Task statement: Which of the lines below hold "Dress"? Please return each one.

......

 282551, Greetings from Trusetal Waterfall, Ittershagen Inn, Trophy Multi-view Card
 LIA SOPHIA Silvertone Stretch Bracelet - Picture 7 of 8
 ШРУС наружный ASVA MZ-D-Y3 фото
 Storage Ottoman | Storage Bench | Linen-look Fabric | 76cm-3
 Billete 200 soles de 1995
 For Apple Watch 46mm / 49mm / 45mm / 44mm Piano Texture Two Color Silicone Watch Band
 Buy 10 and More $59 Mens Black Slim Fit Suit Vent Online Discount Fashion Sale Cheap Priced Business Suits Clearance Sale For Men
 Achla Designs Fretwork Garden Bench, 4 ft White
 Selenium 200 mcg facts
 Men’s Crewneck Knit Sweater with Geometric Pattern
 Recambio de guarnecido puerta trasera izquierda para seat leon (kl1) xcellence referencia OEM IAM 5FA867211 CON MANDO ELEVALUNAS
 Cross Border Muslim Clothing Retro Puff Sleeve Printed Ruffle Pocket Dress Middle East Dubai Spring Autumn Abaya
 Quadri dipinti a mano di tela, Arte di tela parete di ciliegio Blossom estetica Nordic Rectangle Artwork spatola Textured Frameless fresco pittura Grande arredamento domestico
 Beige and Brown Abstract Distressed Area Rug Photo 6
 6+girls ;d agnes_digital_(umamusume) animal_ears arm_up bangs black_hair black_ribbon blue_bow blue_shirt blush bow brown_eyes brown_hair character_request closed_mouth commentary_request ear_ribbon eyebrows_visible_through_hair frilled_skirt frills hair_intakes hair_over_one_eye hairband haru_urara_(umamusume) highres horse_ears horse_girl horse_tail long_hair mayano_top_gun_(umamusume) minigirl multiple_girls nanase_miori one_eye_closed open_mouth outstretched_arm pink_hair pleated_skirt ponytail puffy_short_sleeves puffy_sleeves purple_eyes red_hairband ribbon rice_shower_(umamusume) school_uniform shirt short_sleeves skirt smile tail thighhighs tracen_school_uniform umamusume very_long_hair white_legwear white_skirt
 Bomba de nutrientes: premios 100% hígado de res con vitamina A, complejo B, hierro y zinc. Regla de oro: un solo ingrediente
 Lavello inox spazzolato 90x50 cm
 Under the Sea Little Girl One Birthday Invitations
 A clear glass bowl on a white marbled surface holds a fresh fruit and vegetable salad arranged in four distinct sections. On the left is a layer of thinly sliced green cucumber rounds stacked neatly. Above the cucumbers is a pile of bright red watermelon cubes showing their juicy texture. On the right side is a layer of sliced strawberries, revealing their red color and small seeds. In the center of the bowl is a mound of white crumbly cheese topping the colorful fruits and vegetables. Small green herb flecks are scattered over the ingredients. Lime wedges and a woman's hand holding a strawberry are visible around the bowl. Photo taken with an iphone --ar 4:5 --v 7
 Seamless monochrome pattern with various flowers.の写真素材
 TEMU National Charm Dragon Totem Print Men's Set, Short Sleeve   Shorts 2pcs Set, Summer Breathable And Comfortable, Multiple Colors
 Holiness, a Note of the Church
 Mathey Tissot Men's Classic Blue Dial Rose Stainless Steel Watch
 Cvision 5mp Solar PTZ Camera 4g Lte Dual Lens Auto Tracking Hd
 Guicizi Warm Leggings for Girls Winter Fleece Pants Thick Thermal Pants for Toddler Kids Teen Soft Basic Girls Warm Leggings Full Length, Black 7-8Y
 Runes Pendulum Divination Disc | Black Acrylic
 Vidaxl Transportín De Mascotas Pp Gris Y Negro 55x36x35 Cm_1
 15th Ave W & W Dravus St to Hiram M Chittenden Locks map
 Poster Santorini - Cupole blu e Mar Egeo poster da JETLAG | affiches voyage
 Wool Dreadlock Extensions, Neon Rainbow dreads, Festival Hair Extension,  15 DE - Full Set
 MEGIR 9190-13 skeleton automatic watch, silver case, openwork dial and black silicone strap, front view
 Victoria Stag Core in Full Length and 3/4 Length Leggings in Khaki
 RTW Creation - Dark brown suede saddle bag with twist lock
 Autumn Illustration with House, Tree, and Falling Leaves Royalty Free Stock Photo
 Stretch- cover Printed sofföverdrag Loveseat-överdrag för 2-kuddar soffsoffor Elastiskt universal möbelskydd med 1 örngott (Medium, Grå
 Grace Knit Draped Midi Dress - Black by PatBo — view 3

......

Response to the exercise:
 Cross Border Muslim Clothing Retro Puff Sleeve Printed Ruffle Pocket Dress Middle East Dubai Spring Autumn Abaya
 Grace Knit Draped Midi Dress - Black by PatBo — view 3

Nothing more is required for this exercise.